The next half hour was just a tad bit painful, and while I didn't want to keep replaying that whole scene and realizing how simple it might have been to go over and talk to him, I did have a desire to see the lesson in it. This scene happens too many times, and it's not enough to just see it happen and hope that it doesn't get repeated. Because it does. And I think a really important lesson came up. The lesson is to dare. I really saw the mind become active, try to create a mental dialogue with the boy that didn't bear any meaning in reality. And yet that dialogue kept me from doing what I really wanted to do. So the dare comes in taking a deep breath, standing up, and walking over there, without giving control of the situation to the mind. Instead, the mind's interest is in the standing up and walking.

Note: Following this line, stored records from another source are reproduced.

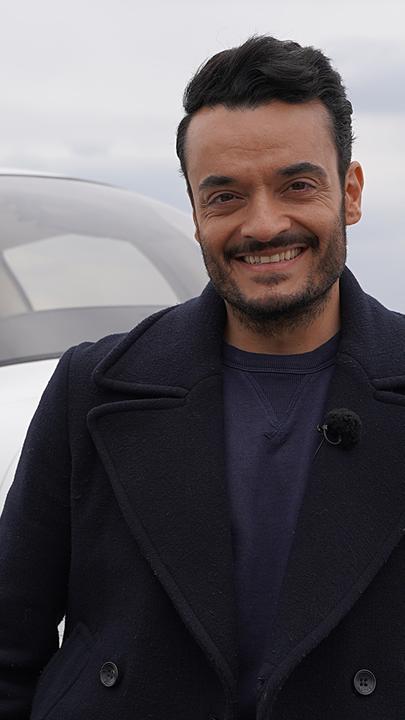 Giovanni ist an ein Kleinflugzeug gelehnt und lächelt in die Kamera.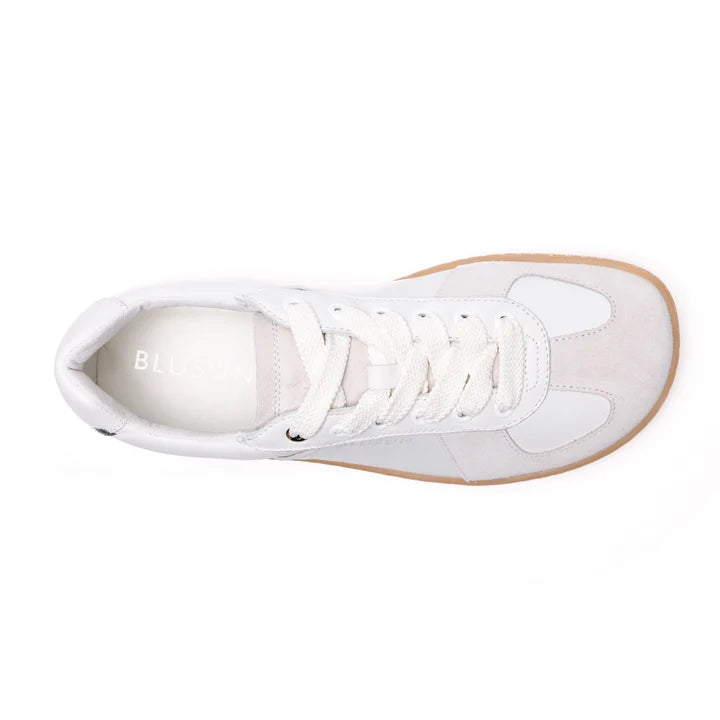 Top view of the BluSun BLSN-200 (Men’s) sneaker in white, featuring white laces, light grey suede accents, a white tongue, and a tan rubber sole. Expertly crafted with LWG Gold-certified leather for sustainable style, this design also includes an insole with “BLUS” partially visible in light lettering.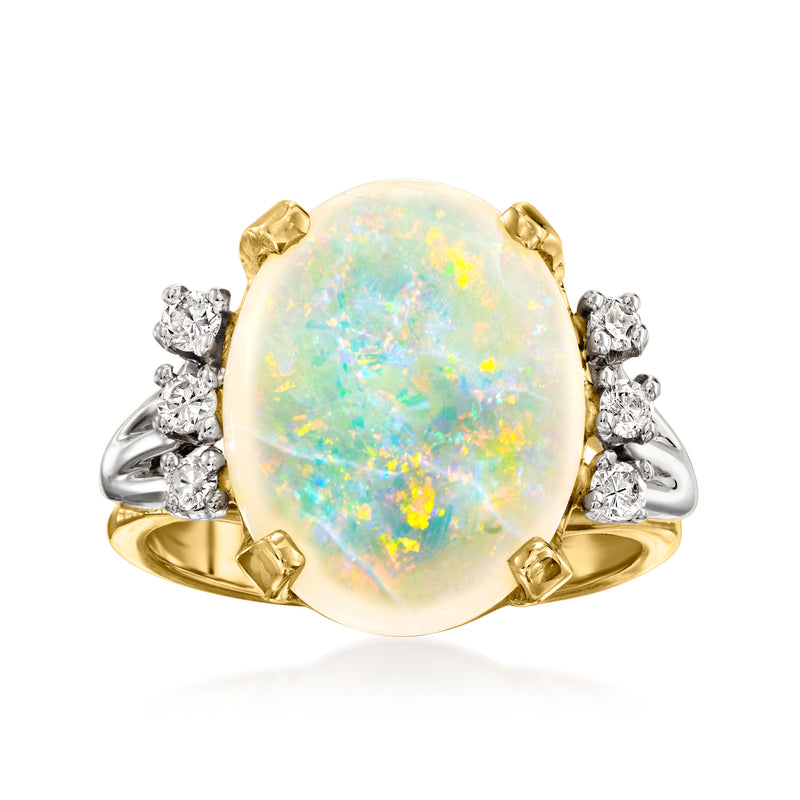 Oval opal two-tone gold ring with round diamond accents on side prongs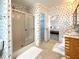 Cozy bathroom with a shower and clear view of a main bedroom through the open doorway at 250 S Port Royal Ln, Apollo Beach, FL 33572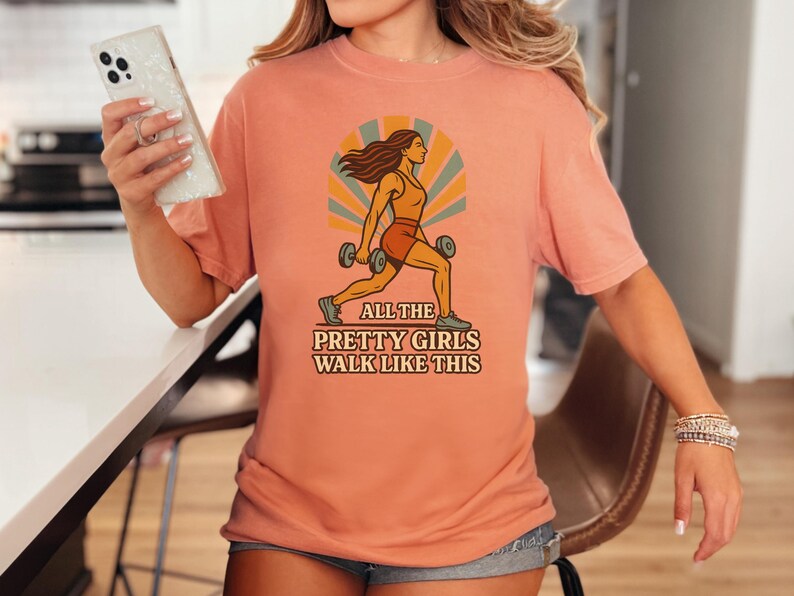 May include: Peach-colored t-shirt featuring a retro illustration of a woman exercising with dumbbells. The graphic includes the text "ALL THE PRETTY GIRLS WALK LIKE THIS". The shirt is a comfortable, casual style.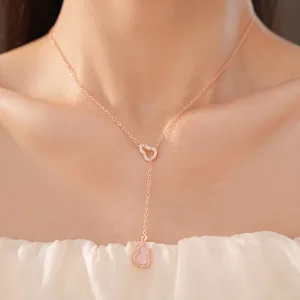 Elegant rose gold y-necklace with pink zircon hollow gourd pendants shown on female model
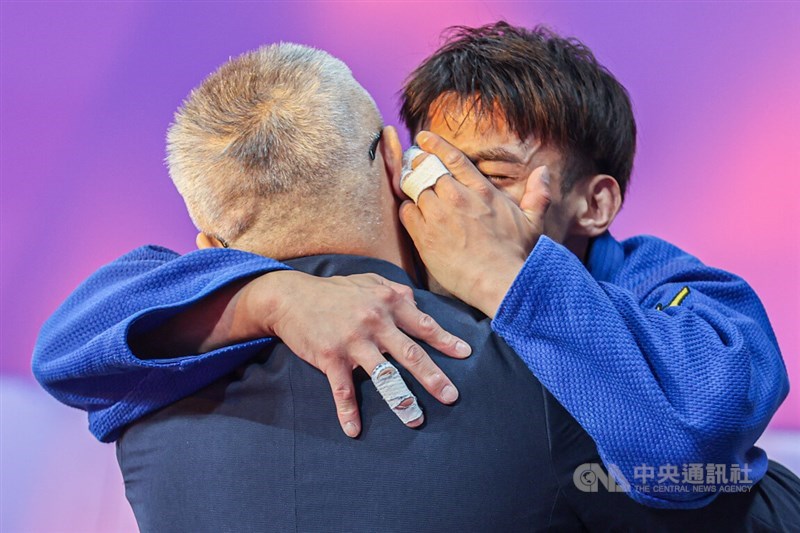 Yang Yung-wei (right) hugs his coach Liu Wen-teng in tears after winning Team Taiwan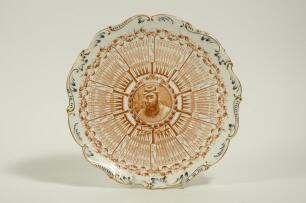 William Gilbert Grace. Original Coalport porcelain plate commemorating W.G. Grace&rsquo;s Century Of Centuries 1895, decorated in the rarer puce (redish brown) with central portrait of Grace and dates of each individual century and who scored against radiating 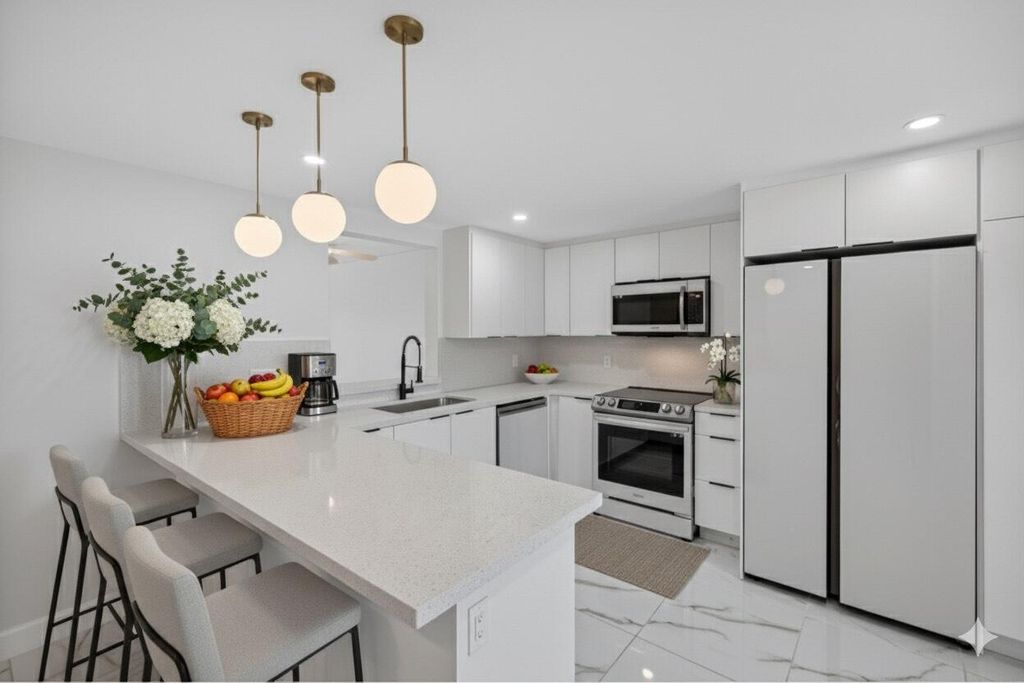 Photo of 14375 Strathmore Lane #303, Delray Beach, FL 33446 (MLS # B26013420)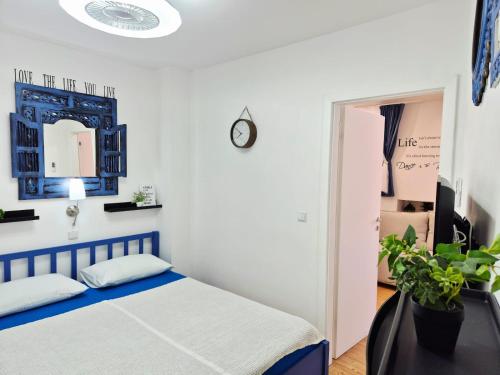 a bedroom with a bed and a clock on the wall at Apartments Sandra in the historical center of the city in Supetar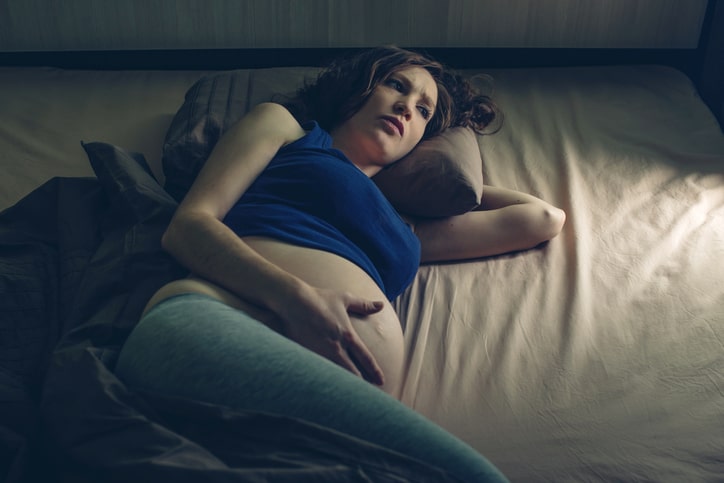 Pregnant woman feeling pain in her belly lying in bed with insomnia at night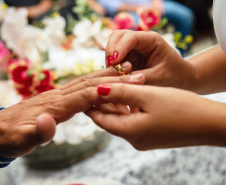 Imagem que mostra uma das noivas colocando a aliança no dedo do noivo. O fundo mostra flores desfocadas. É possível ver parte do vestido dela, branco. Ela tem as unhas pintadas com esmalte vermelho.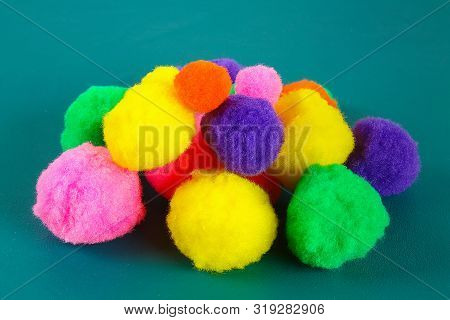 Colored Beautiful Pompons On A Teal Background. Assortment Of Pompons. Diy Craft.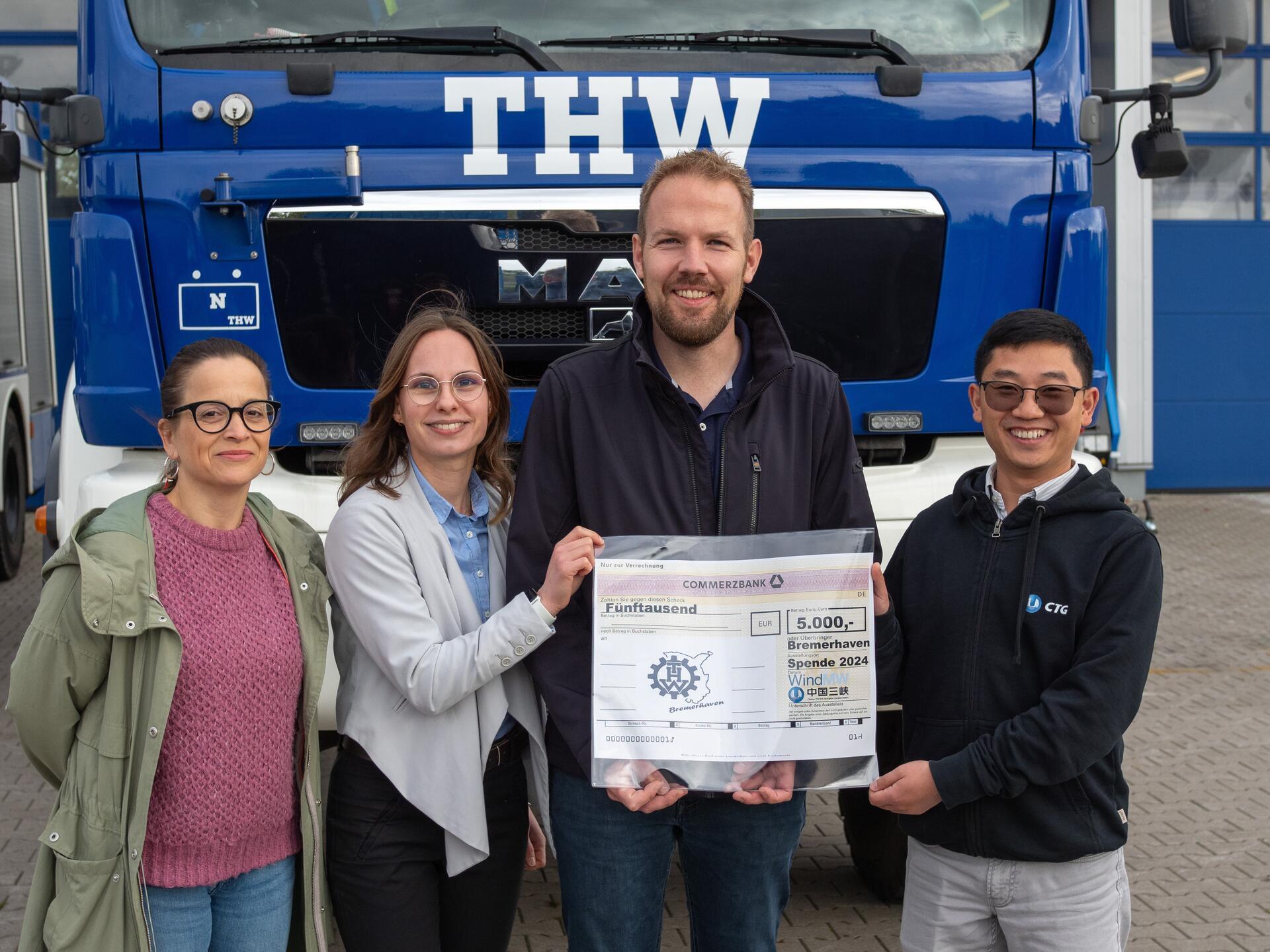 Vier Menschen vor einem blauen THW-Fahrzeug, Spendenscheck in der Hand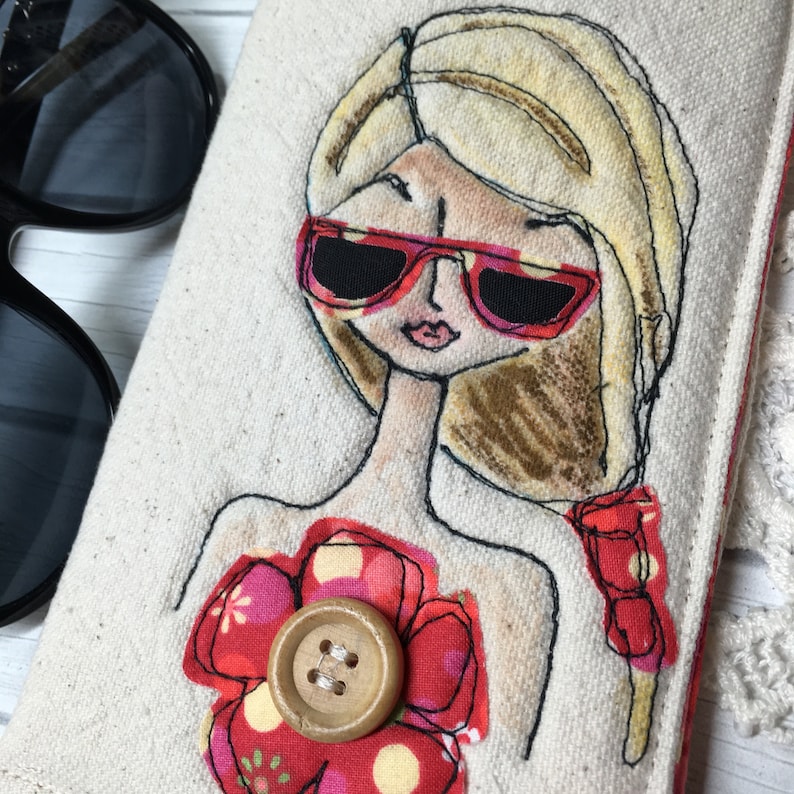 Op de afbeelding: Een wit canvas zonnebrillenetui met een handgestikt ontwerp van een vrouw met blond haar die een rode zonnebril draagt en een rode bloem met een bruine knoop in het midden.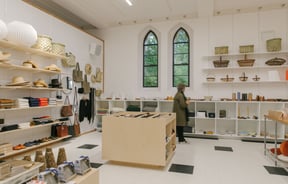 A woman browsing the shelves inside Frances Nation.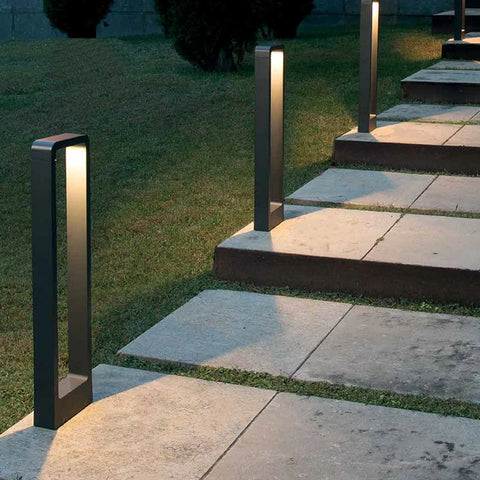 Pathway lights casting soft downward light onto a walkway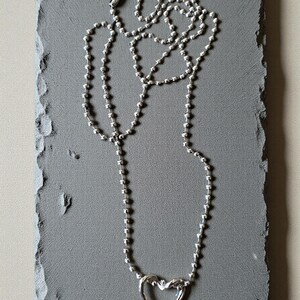 May include: A silver-toned ball chain necklace featuring a polished heart-shaped pendant. The necklace is constructed from small, uniform spherical beads linked together, ending in a secure barrel-style clasp at the top of the chain.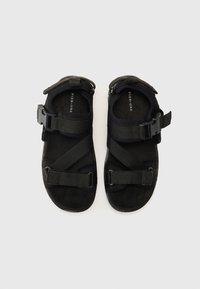 Black sandals with adjustable fabric straps and a sturdy buckle. The sole is flat with a textured finish and cushioned interior.
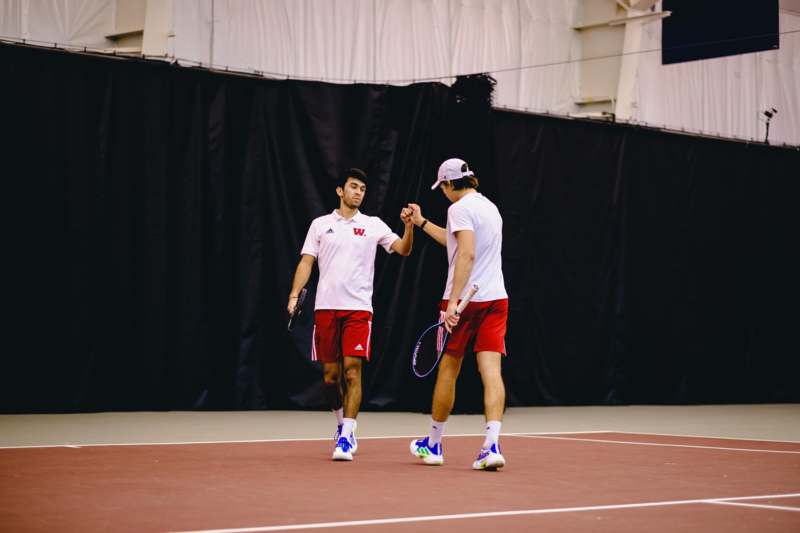 two men shaking hands on a tennis court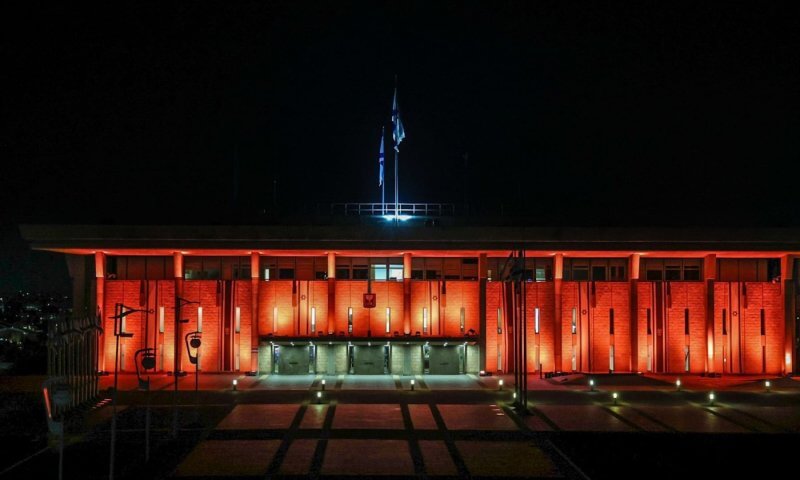 The Knesset is lit in orange on the eve of the Bibas funeral. (Credit: Knesset Spokesperson/GPO)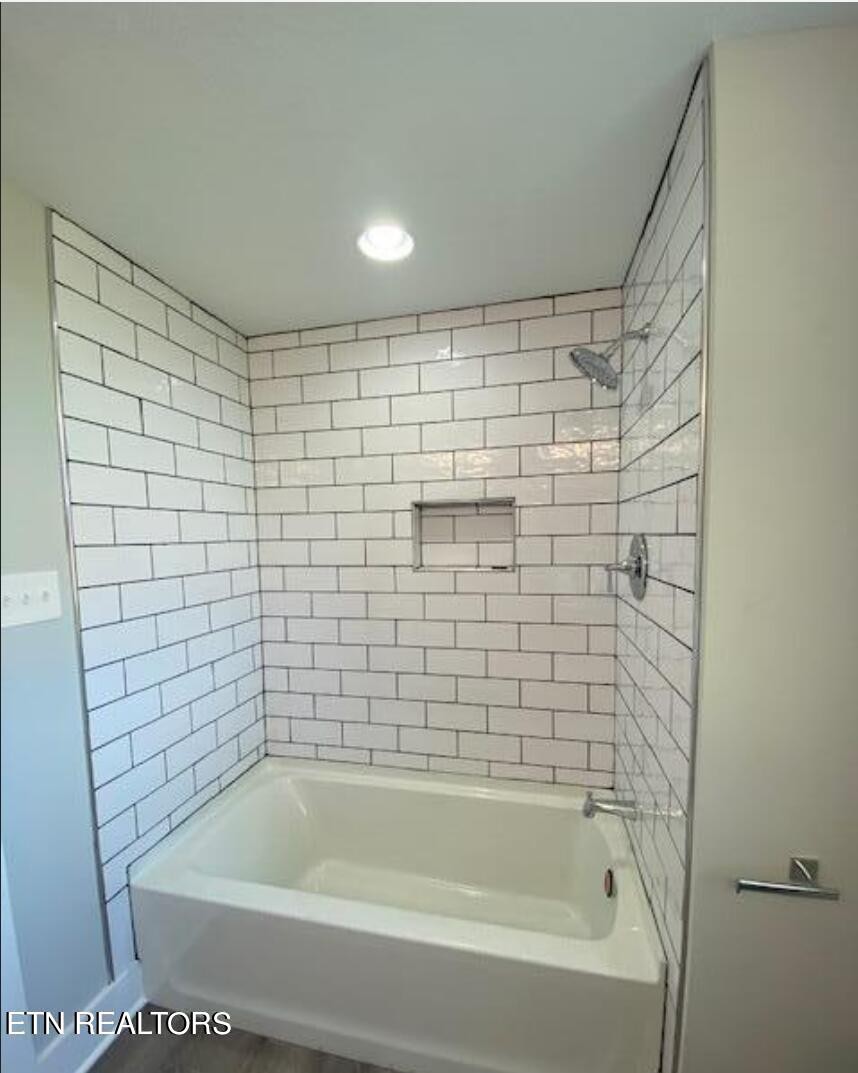 7120 Bonair Road Knoxville, TN 37918 - Photo 25 of 29 a bathroom with a bathtub and shower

Not on what might happen next or what I could say, but on what is happening each moment, which is standing, walking, and sitting. So what if I have nothing to say. The point is that I connect in some way, instead of bearing my cross in silence. To dare is to be in the element of water. Visualize water washing away fear. I know what I want, where I want to be. Another challenge is clarifying will - moving into the element of fire - using my will, maintaining the razorsharp focus of will. From there, I dare to reach through the fire - unafraid of being burned - to reach the thing I desire. Another lesson I see as I write this is to stay grounded in the soil, the body, and sink down from the ephemeral mind into the solidity of earth. That solidity is a map for action, for manifesting those desires, unmoveable by fear or shadow or uncertainty, firm as a mountain and full of its old, ageless wisdom.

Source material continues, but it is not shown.